§ Assigned task
Could you restate the entries below word for word?

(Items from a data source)
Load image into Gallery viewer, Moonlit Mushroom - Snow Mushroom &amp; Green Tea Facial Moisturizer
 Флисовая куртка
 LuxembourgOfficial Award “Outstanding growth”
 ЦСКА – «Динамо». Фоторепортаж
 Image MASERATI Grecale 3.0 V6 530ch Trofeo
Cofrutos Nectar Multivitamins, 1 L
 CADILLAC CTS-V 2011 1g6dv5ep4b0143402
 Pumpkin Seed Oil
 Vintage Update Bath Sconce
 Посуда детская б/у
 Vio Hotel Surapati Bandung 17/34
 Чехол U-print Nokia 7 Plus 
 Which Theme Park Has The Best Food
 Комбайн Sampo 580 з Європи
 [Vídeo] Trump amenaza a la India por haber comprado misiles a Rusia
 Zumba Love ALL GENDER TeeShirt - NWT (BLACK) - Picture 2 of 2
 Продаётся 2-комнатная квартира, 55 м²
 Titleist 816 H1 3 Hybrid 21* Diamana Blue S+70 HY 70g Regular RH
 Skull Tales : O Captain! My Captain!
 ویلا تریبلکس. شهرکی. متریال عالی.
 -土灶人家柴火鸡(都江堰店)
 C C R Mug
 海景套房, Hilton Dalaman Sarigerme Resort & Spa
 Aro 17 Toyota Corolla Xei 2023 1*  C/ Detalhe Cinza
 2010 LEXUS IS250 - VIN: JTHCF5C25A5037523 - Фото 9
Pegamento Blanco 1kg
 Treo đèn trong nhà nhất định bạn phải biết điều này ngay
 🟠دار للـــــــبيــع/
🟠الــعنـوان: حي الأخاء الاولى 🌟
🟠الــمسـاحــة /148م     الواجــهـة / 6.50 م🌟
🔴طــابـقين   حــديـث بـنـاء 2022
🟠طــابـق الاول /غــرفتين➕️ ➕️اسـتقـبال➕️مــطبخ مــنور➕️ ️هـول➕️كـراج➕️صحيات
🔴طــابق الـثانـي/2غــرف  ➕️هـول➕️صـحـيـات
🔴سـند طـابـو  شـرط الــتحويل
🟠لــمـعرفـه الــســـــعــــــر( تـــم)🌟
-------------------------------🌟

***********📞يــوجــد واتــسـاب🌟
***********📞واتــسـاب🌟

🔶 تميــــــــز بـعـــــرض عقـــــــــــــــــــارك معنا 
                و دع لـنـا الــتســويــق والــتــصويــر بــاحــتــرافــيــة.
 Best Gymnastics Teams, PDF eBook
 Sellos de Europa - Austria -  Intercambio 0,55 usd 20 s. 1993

§ Exercise response
Load image into Gallery viewer, Moonlit Mushroom - Snow Mushroom &amp; Green Tea Facial Moisturizer
 Флисовая куртка
 LuxembourgOfficial Award “Outstanding growth”
 ЦСКА – «Динамо». Фоторепортаж
 Image MASERATI Grecale 3.0 V6 530ch Trofeo
Cofrutos Nectar Multivitamins, 1 L
 CADILLAC CTS-V 2011 1g6dv5ep4b0143402
 Pumpkin Seed Oil
 Vintage Update Bath Sconce
 Посуда детская б/у
 Vio Hotel Surapati Bandung 17/34
 Чехол U-print Nokia 7 Plus 
 Which Theme Park Has The Best Food
 Комбайн Sampo 580 з Європи
 [Vídeo] Trump amenaza a la India por haber comprado misiles a Rusia
 Zumba Love ALL GENDER TeeShirt - NWT (BLACK) - Picture 2 of 2
 Продаётся 2-комнатная квартира, 55 м²
 Titleist 816 H1 3 Hybrid 21* Diamana Blue S+70 HY 70g Regular RH
 Skull Tales : O Captain! My Captain!
 ویلا تریبلکس. شهرکی. متریال عالی.
 -土灶人家柴火鸡(都江堰店)
 C C R Mug
 海景套房, Hilton Dalaman Sarigerme Resort & Spa
 Aro 17 Toyota Corolla Xei 2023 1*  C/ Detalhe Cinza
 2010 LEXUS IS250 - VIN: JTHCF5C25A5037523 - Фото 9
Pegamento Blanco 1kg
 Treo đèn trong nhà nhất định bạn phải biết điều này ngay
 🟠دار للـــــــبيــع/
🟠الــعنـوان: حي الأخاء الاولى 🌟
🟠الــمسـاحــة /148م     الواجــهـة / 6.50 م🌟
🔴طــابـقين   حــديـث بـنـاء 2022
🟠طــابـق الاول /غــرفتين➕️ ➕️اسـتقـبال➕️مــطبخ مــنور➕️ ️هـول➕️كـراج➕️صحيات
🔴طــابق الـثانـي/2غــرف  ➕️هـول➕️صـحـيـات
🔴سـند طـابـو  شـرط الــتحويل
🟠لــمـعرفـه الــســـــعــــــر( تـــم)🌟
-------------------------------🌟

***********📞يــوجــد واتــسـاب🌟
***********📞واتــسـاب🌟

🔶 تميــــــــز بـعـــــرض عقـــــــــــــــــــارك معنا 
                و دع لـنـا الــتســويــق والــتــصويــر بــاحــتــرافــيــة.
 Best Gymnastics Teams, PDF eBook
 Sellos de Europa - Austria -  Intercambio 0,55 usd 20 s. 1993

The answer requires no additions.